Iyo shrinks his shoulder and lowers his head, seems quite cramped on driver’s seat. He is too big for this car. The body shape reminds me of the work at Hualien Cultural Park: The Internal Structure of Land. It is a giant which is composed with wood chips sitting on the concrete floor. It holds a red heart and the blood inside being non-stop transfused to branches, plants, pads and Taipei 101 on its head.
Before I have a chance to ask Iyo why he moves his studio Jinpu, our car stops at an ordinary townhouse. An electric saw shrills abruptly the air. The noise makes me wonder if I interrupt Iyo’s work. He assures me it is fine for the huge cylindrical wood piece standing here is almost finished. Like The Internal Structure, it is collaged with long and thin wood clips to circle the internal structure of steel. The top of tube is open and a water-tap is installed underneath.
Iyo calls this piece kahicera’an, means gathering here. In the old times, his peoples called the place where collects drift woods or fishes ‘kahicera’an’. Iyo sees Shitiping Scenic Recreation, the future home for this art piece, rain-collecting tube, and all kinds of the wood clips on it as camphorwood, cypress, beechwood, Formosan michelia, Chinese elm, and red cedar are all kahicera’an.
‘I will invite people to draw on wood clips, people from my village, children and friends, to draw their feelings towards land. I will collage these clips to my work afterwards. They will be like blessings.’ He gave me a piece of clip and asked:’ would you like to draw one?’ I declined and said I am bad at drawing. He replied with smile ‘That’s ok, me too.’ This is his first try to include his community people in his creation, another form of gathering to him.

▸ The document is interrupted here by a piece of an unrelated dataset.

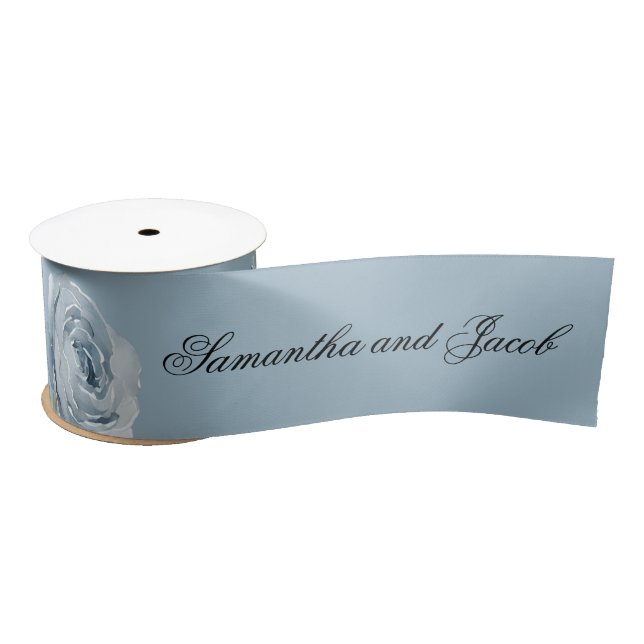 Elegant Script Dusty Blue Wedding  Satin Ribbon (Spool)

Distance with the public is tricky as working in village. Iyo’s studio used to locate at Shitiping. Having a café opened the studio more to the public. ‘No matter how busy I was, there were tourists would just walk in and ask “what are you doing now?”’ People still do that now but it is much quieter after his studio relocating to Jinpu. Be that as it may, Iyo doesn’t really want to build an isolated space to work. He wants to intrigue the young’s curiosity as he was attracted to the displays of village artist’s studio when he was a teenager.